Tennessee Williams is the Anton Chekhov of American theatre.

Like Chekhov's plays, his dramas are imaginatively theatrical, powerfully psychological and deeply, often subtly, political. Like Chekhov, he is too often misunderstood as a narrow realist.

I was excited, therefore, by the prospect of Dundee Rep's joint artistic director Jemima Levick giving Williams's great dream play The Glass Menagerie the kind of intelligently non-naturalistic staging it demands. Sadly, assiduously resistant to realism though it is, her production never quite captures the power inherent in the writing.

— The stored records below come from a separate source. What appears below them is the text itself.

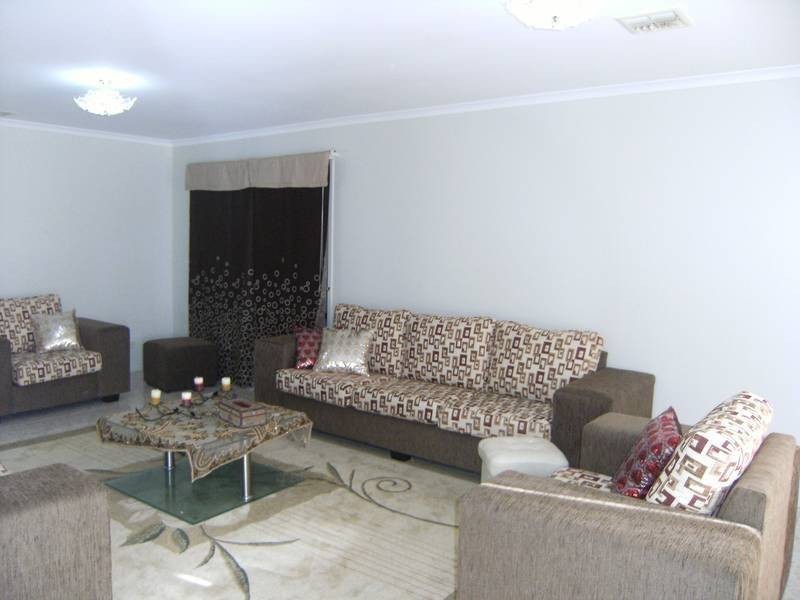 21 Masters Circuit, Roxburgh Park VIC 3064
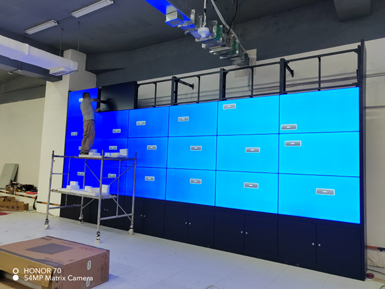 沙湾地标建筑监控系统液晶拼接大屏完工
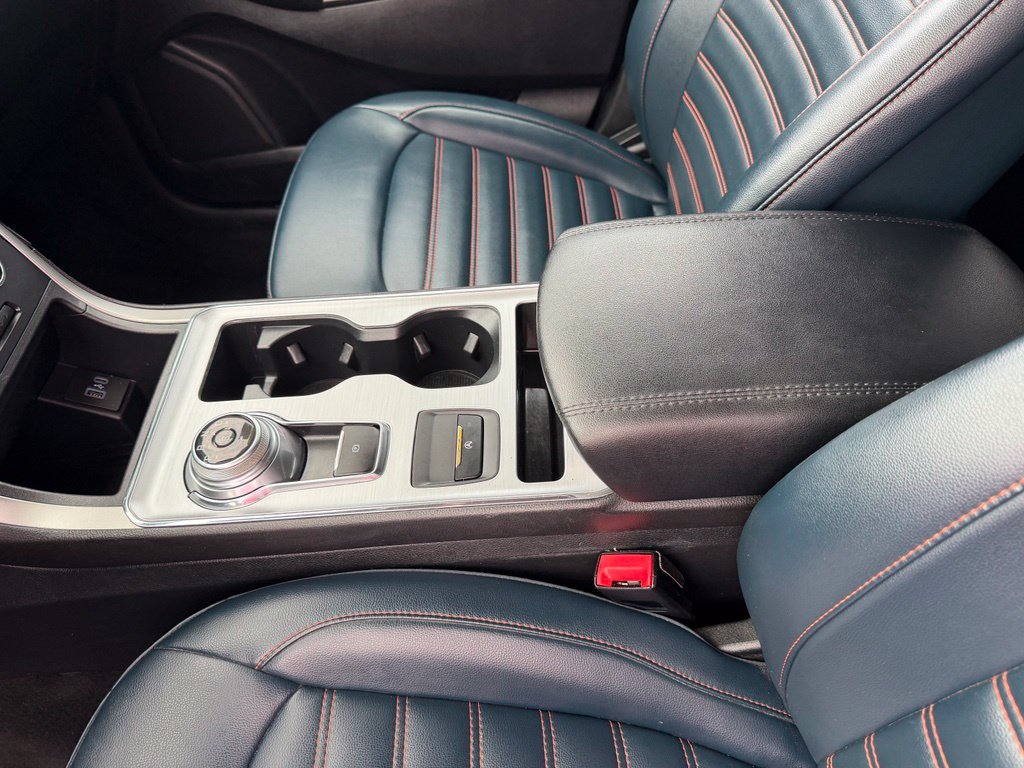 Certified 2022 Ford Edge SEL w/ Sport Appearance Package AWD/4WD image 16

For a start, there's Levick's decision to include Williams's needlessly expository prologue for Tom Wingfield, brother of Laura, the shy, slightly physically disabled young woman who owns the titular collection of glass animals. As Tom, standing in for the dramatist himself, speaks into a microphone, putting the play in its historico-political and aesthetic contexts, it isn't difficult to see why many directors consider the introduction to be redundant.

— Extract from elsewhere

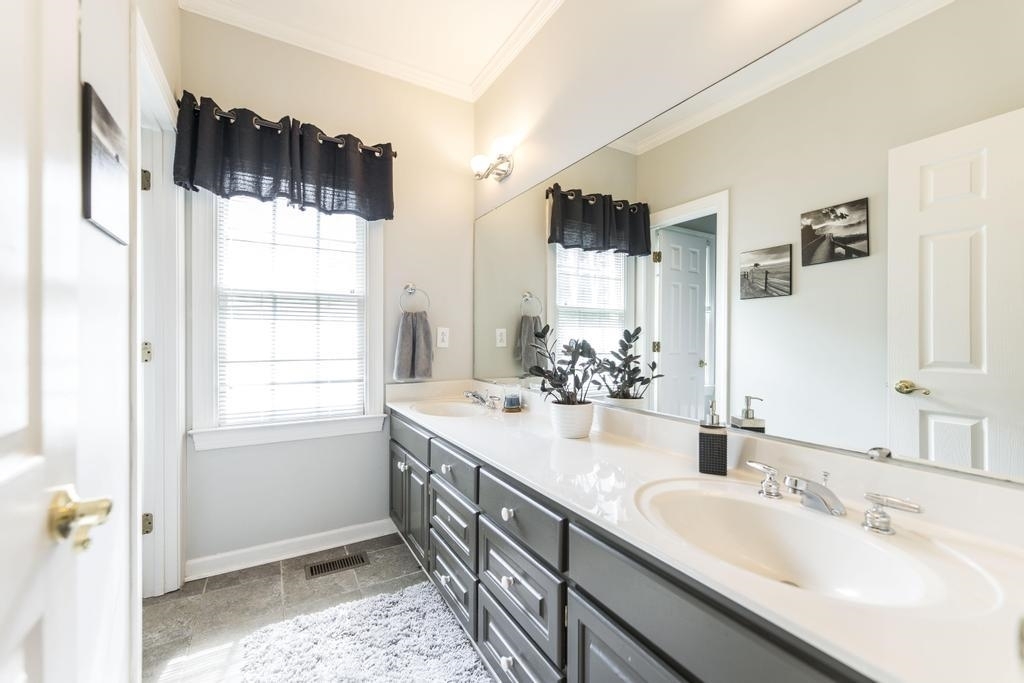 Barrington Hall - Residential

Unfortunately, the prologue is not the only redundant feature of this production. As matriarch Amanda Wingfield attempts desperately to secure for Laura an eligible "gentleman caller", Levick makes a series of aesthetically disappointing choices.

The Wingfield's working-class apartment is given a suitably hyper-real imagining. However, one has to question surrounding it with an external set constituted of shiny surfaces and multi-coloured lights, which looks like a poor pastiche of a 1960s sci-fi movie.

To this the director adds some modish, but dreadful, choreographed mime (presumably, an attempt to emote non-naturalistically). This succeeds only in alienating one further from the play and making it impossible for Irene Macdougall (who plays Amanda with skill and precision) and the three younger members of the cast to deliver this potentially affecting piece with any real sense of conviction.